Privilegio es la ventaja exclusiva[1] o especial (como la exención de una obligación general o el permiso para condiciones de exclusividad) que goza por concesión de un superior o por determinada circunstancia propia.[1]​ Se opone al moderno concepto de derechos, y puede identificarse con el antiguo concepto de honor. Respondiendo a su origen etimológico (el latín privilegium), puede definirse como una «ley privada», o sea, no pública o general, sino relativa a un individuo o cuerpo social específico y distinguido de los demás.[2][3]

En origen los estamentos privilegiados de la sociedad feudal y del Antiguo Régimen eran un cuerpo social definido por el privilegio, mientras que el concepto de clase privilegiada en la sociedad contemporánea se equipara en el lenguaje usual al de clase dirigente o clase alta, la que dispone de mayor riqueza y poder político; equivalente a conceptos como «élite» o «aristocracia».

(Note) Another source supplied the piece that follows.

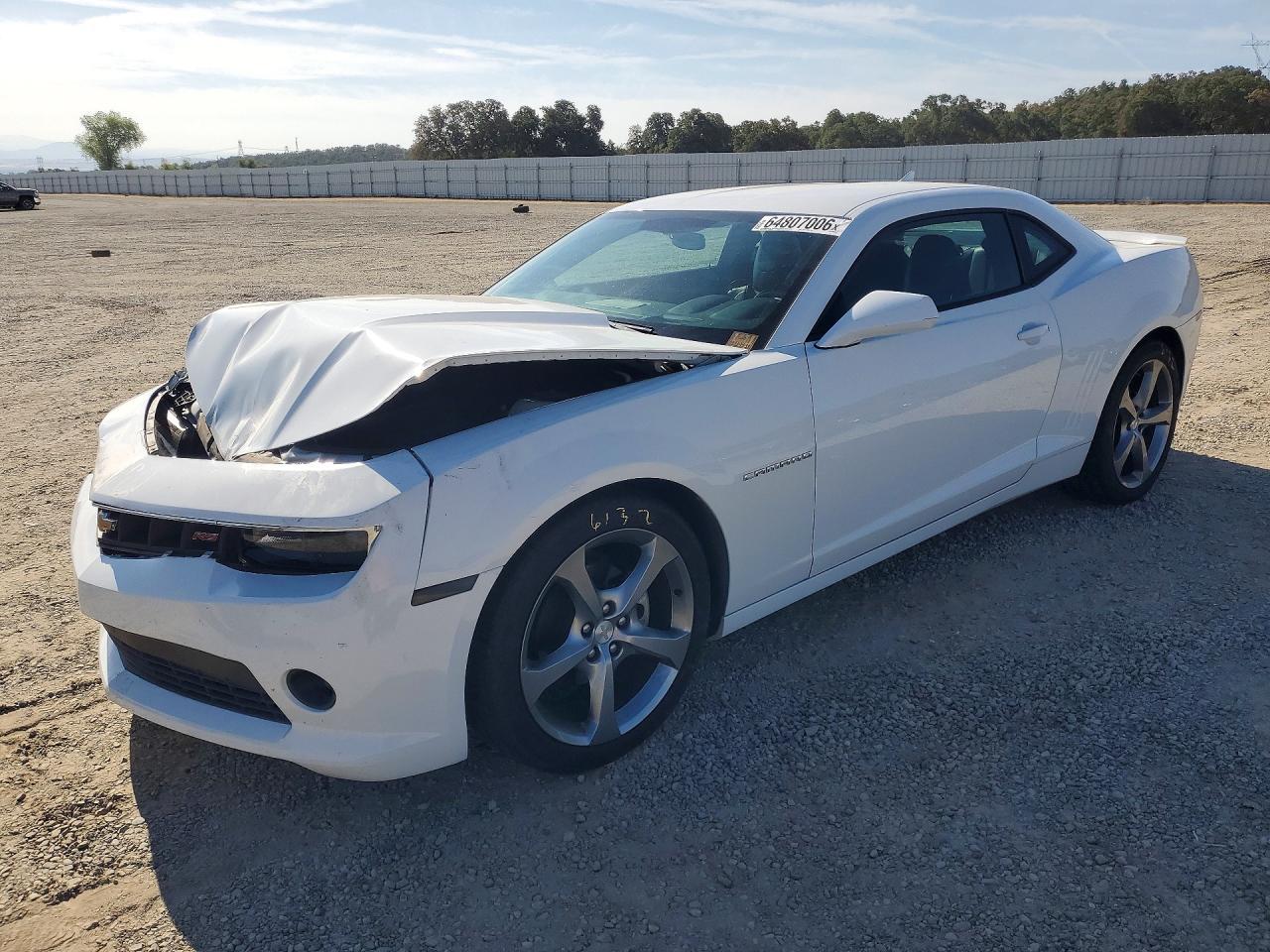 2014 Chevrolet Camaro Lt - zdjęcie główne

Los estamentos privilegiados eran dos: la nobleza y el clero, y basaban sus privilegios en su función: una sociedad dividida en oratores, iudices et laboratores, ponía el privilegio en manos de quienes tenían a su cargo la salvación o condenación eterna (oratores: clérigos) y la protección o el castigo físico (iudices: caballeros), mientras que el tercer estado (laboratores) era no privilegiado, debía trabajar para mantenerse a sí mismo y a los otros dos.

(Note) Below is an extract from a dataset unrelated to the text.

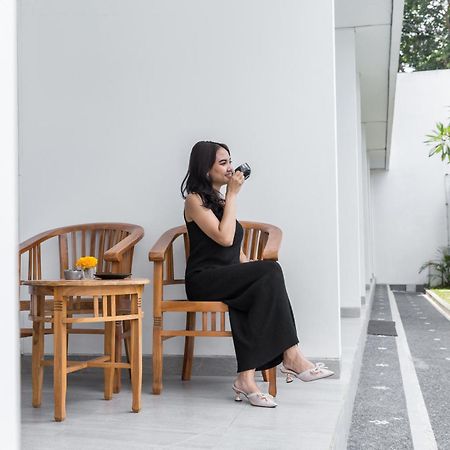 Maisaba Canggu Hotel & Coworking Space Exteriér fotografie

El resultado es que cada estamento (incluso cada individuo de él en razón del título o cargo que ocupara) tendría una serie de beneficios por causa de privilegio: desde no pagar impuestos (de hecho, cobrarlos) hasta prelaciones protocolarias (como la de cubrirse delante del rey, cosa que podían hacer los grandes de España). El fuero eclesiástico o el fuero universitario (es decir, la jurisdicción privativa o privilegiada de los que se acogen a él) se solía indicar incluso con cadenas que marcaban la frontera a partir de la cual cualquiera podía acogerse al sagrado de un templo, o un estudiante al de su colegio, aunque estuviera perseguido por la autoridad civil. Los conflictos que ese privilegio suscitaba fueron a veces notables, como el de Tomás Becket con el rey de Inglaterra.

Cada territorio, provincia y municipio podía tener su propio fuero o carta puebla, con la que de hecho las ciudades se convertían en «señores colectivos» cuyo señorío eran sus «tierras» o alfocescomunidad de villa y tierra»).[4]​ Lógicamente, los beneficios que esos privilegios locales otorgaban eran muy distintos, desde la hidalguía universal que pretendían algunos territorios del norte de España (Vizcaya y Guipúzcoa, entre otros),[5]​ hasta la celebración de ferias y mercados, la exención de determinados impuestos o cargas militares, o incluso lo contrario (Espinosa de los Monteros mantenía orgullosamente el privilegio de dotar al rey del cuerpo de los Monteros de Espinosa), la condición de puerto franco (Canarias, entre otros), etc.[6]

Los gremios y la actividad comercial y artesanal también se regulaban con el principio de los privilegios, para mantener controlado el acceso y el ejercicio de cada actividad, a cargo de las autoridades o de los propios agremiados, evitando la competencia.

El monopolio de determinadas rutas comerciales o productos del comercio, sobre todo colonial, fue una constante del sistema económico llamado mercantilismo. En ese contexto se entiende la existencia de las primeras compañías comerciales llamadas compañías privilegiadas (las neerlandesas VIC y VOC, la Compañía de las Indias Orientales inglesa, o para el caso español, la Compañía Guipuzcoana de Caracas, dedicada al cacao).

También en el comercio interior se producen los llamados estancos o monopolios (de la sal, del tabaco, del papel sellado, de los naipes, del aguardiente...) que forman parte de las regalías del monarca.

Los privilegios son contradictorios con el mundo contemporáneo, y teóricamente desaparecen con la Revolución Liberal, Revolución Burguesa y Revolución industrial. En Francia, la Revolución francesa lo hace con la obra legistaliva de la Asamblea Constituyente, simbólicamente con la Declaración de Derechos del Hombre y el Ciudadano. Inglaterra, que había tenido su revolución inglesa en el siglo XVII, mantiene la presencia de muchas situaciones privilegiadas en lo social, aunque en lo económico defiende el mercado libre. En España, se suele poner la obra de las Cortes de Cádiz, sobre todo la Constitución de 1812, como la que suprime los privilegios (restaurados por dos veces por Fernando VII con el paréntesis del trienio liberal, con la agitada historia del comienzo del reinado de Isabel II y la Guerra Carlista como aparente final).